Punjab Chief Minister announces job for family member of each of Punjab’s farmers who has died during current stir

CHANDIGARH, Punjab—Even as he slammed the Akalis and AAP for “spreading lies” over the Farm Laws and dubbed the Centre’s refusal to repeal them as “inhuman”, Punjab Chief Minister Captain Amarinder Singh today announced jobs for one member of each of the families of the state’s farmers who had lost their lives in the agitation against the black laws.

Questioning “why the Centre is hesitating to repeal the laws?”, the Chief Minister said they should repeal the laws, then sit with the farmers and frame new laws after taking all stakeholders in confidence. Pointing out that the Constitution of India had already been amended so many times, he asked why the Government of India was adamant about not taking back the Farm Laws. 

Hitting out at the Central Government for pushing the laws through Parliament with a brute majority, without any discussion, the Chief Minister said the entire country was paying the price for this. “Is there a Constitution in the country? Agriculture is a state subject under Schedule 7, so why has the Center interfered with a state subject?” he asked, adding that “they went and enacted these laws without consulting anyone, because of which we have all landed in this situation.”

Barely were things coming back to normal after the lockdown, when the entire industry had shut down operations, when the Farm Laws were imposed, he said, adding that the legislations had been implemented by the Centre without any thought to the impact it would have on the farmers and agriculture.

Asserting that “we are with the farmers and will stand by them,” the Chief Minister said during the 20th edition of his Facebook Live #AskCaptain session that the Punjab government and every person in Punjab stands with the farmers. “All Punjabis are concerned about our farmers sitting on Delhi borders, they are there to persuade Center to repeal laws that were implemented without taking us into confidence,” he said, adding that “Lots of old people are sitting there at the borders not for themselves but for the future of their children and grandchildren.”

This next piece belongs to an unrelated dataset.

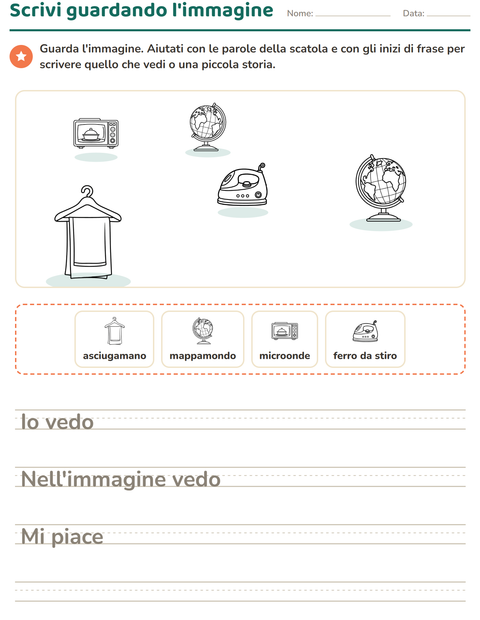 Anteprima della scheda di Produzione scritta con Casa BN per Scuola primaria classe seconda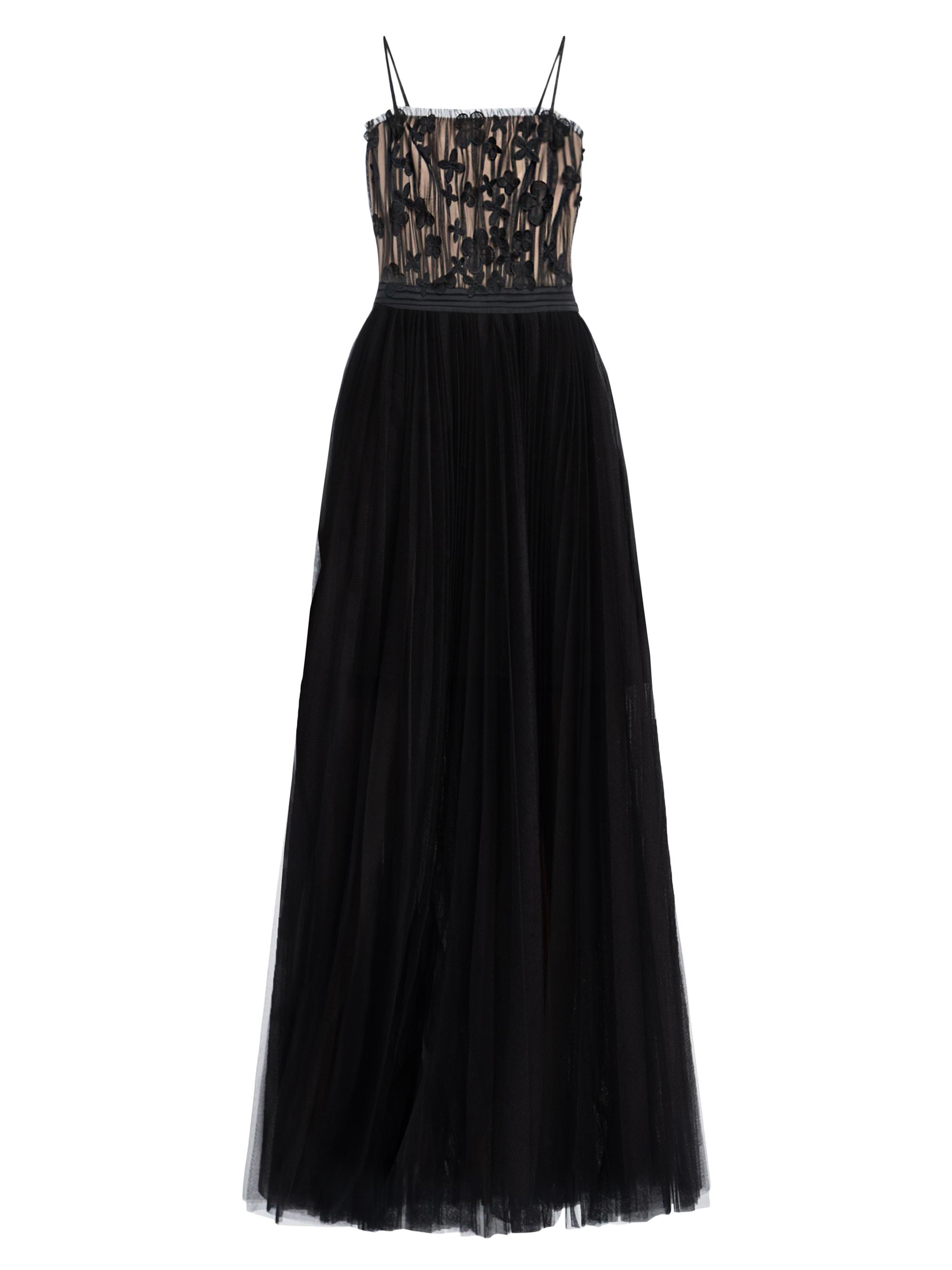 Zac Posen Women's Flower Appliqué Tulle Gown - Black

The sad part, said the Chief Minister, was that “we are losing our farmers to the cold every day, with an estimated 76 farmers dying so far.” In addition to the Rs 5 lakh compensation being given to the families of the deceased farmers, his government would also give a job to a family member, he added.

On the NIA notices to some farmers and supporters of the farmer agitation, the Chief Minister told the News Editor of a New Zealand Punjabi weekly it was a wrong step and he would be writing soon to the Union Home Minister on the issue. Even Khalsa Aid, which was working across the globe, had not been spared, he said, adding that “Punjabiyon nu pyaar naal manao te man lenge…. tussi dang chakoge, o vi dang chuk lenge.” (“If you talk to Punjabis nicely and persuade them, they will agree to your suggestions, but if you pick up a stick they too would pick one.”)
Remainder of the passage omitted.